Enter Shikari is a band that is no stranger to change. As their fifth studio album is released it appears that Rou Reynolds and company have evolved from their hardcore roots to deliver their most emotionally mature release to date, all whilst retaining their usual politically motivated edge as they perform to world on the brink.
After the release of singles ‘Live Outside’ and ‘Rabble Rouser’ it was evident that the album would be as sonically versatile as ever. The band has dabbled with their genre over their career, usually finding a perfect balance of hardcore and electronic and these singles demonstrated that. ‘Live Outside’ being a synth pop anthem and ‘Rabble Rouser’ channeling the electro-rock stylings of The Prodigy, a balance is found. However returning to my earlier point, the album is a lot more mature. ‘Airfield’ delivers a piano ballad that builds with each second towards an emotionally satisfying conclusion. There’s a lot of doubt and fear to be found in Rou’s writing and who can blame him. In a post-Brexit Britain themes of austerity and collapse are at the forefront but there’s hope to be found in each track. Upon the first few listens I found the emotional complexity jarring compared to their earlier work but as time passed it settled into a more insightful and cathartic experience.

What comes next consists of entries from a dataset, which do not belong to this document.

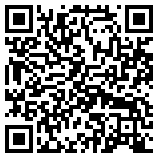 QR Code for DP Textile & Apparel in Los Angeles, CA 90079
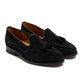 Sanders x MJ: Tassel Loafer "Finchley" - Good Year Welted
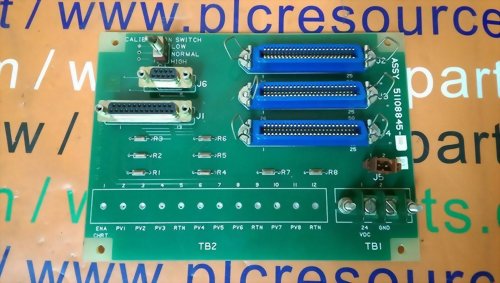 HONEYWELL 51108845-100 D1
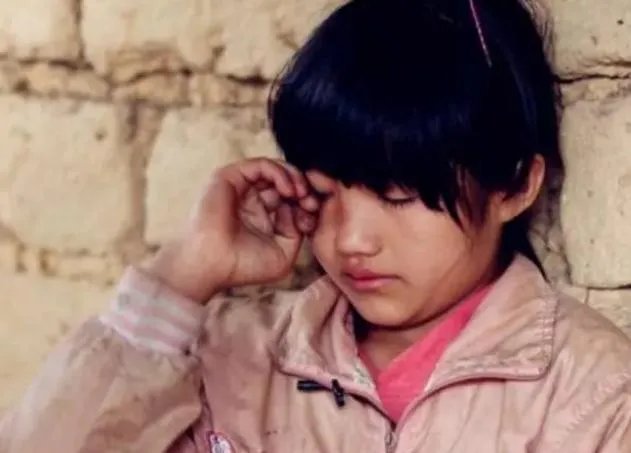 王红林现在什么样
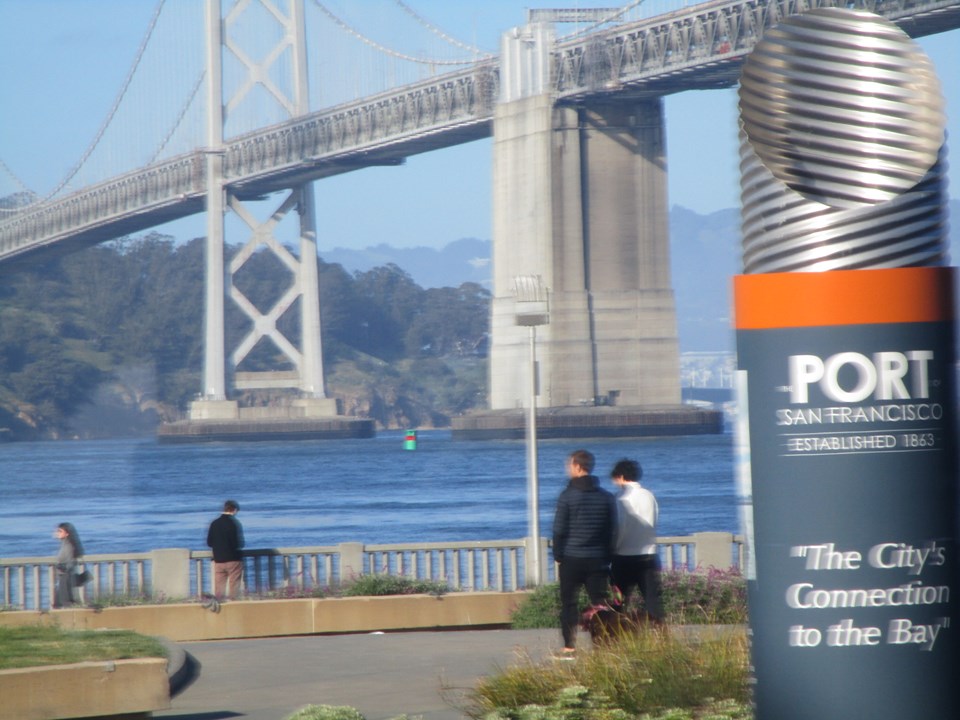 59670503_10218761501974962_7382071328871809024_n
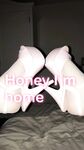 Onlyfans Leaked Photos - Kelseyxo Photo - Kelseyxo Amateur Photos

An unprecedented level of scale is found within the narratives that the band are weaving, allowing for growth into concepts that the band have yet to tackle before but still allowing for the occasional self referential sample to past work. The Spark feels like the next logical step in the world that the band has been building since their debut release, Take To The Skies. With hook driven catchiness and polished mixing this album has the ability to be accessible to new fans whilst delighting old.